» Information shown:
------------

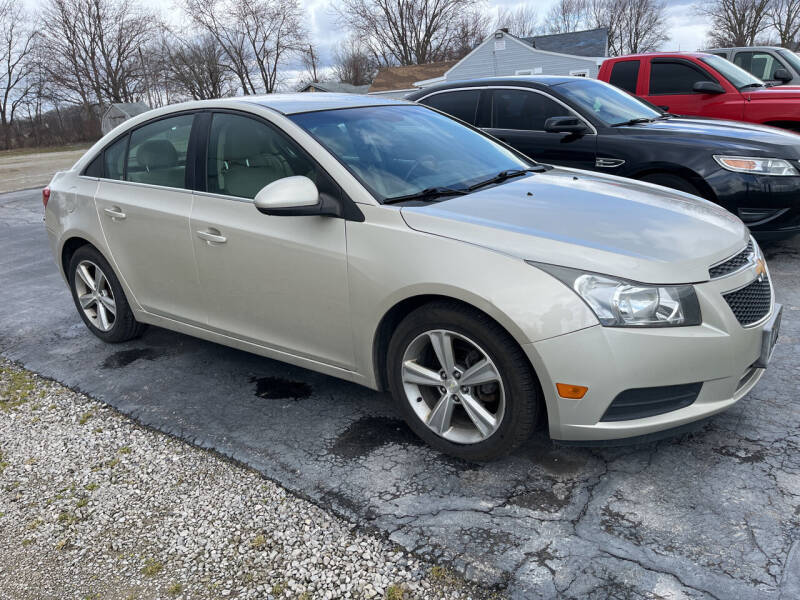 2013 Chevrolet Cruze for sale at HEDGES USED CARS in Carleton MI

------------

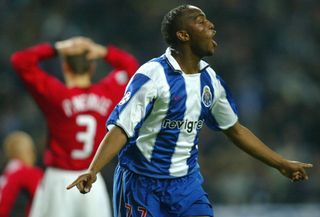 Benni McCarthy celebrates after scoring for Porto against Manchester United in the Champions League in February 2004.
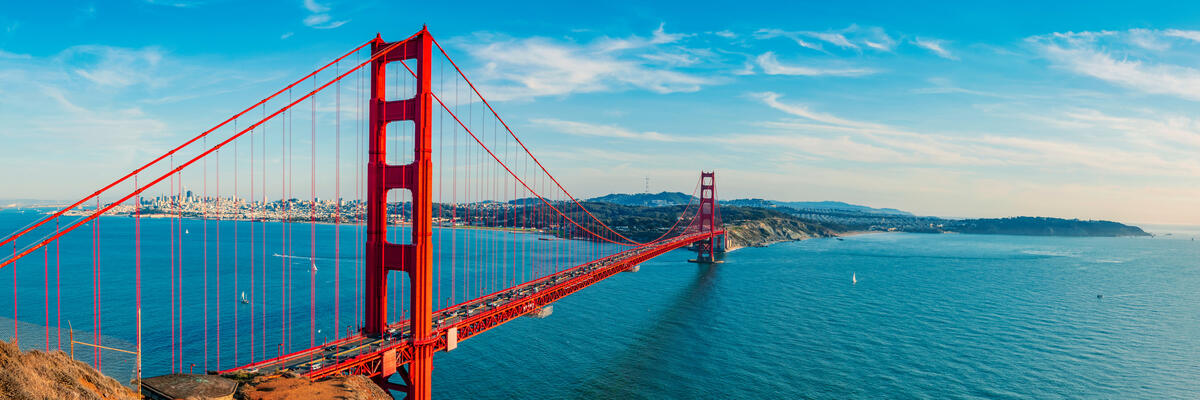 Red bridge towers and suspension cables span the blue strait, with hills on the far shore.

------------

» Task statement:
With the pictures omitted, copy the entries above exactly from the line containing "Benni McCarthy celebrates" through the line containing "Red bridge towers", both lines included.

» Answer to the problem:
 Benni McCarthy celebrates after scoring for Porto against Manchester United in the Champions League in February 2004.
 Red bridge towers and suspension cables span the blue strait, with hills on the far shore.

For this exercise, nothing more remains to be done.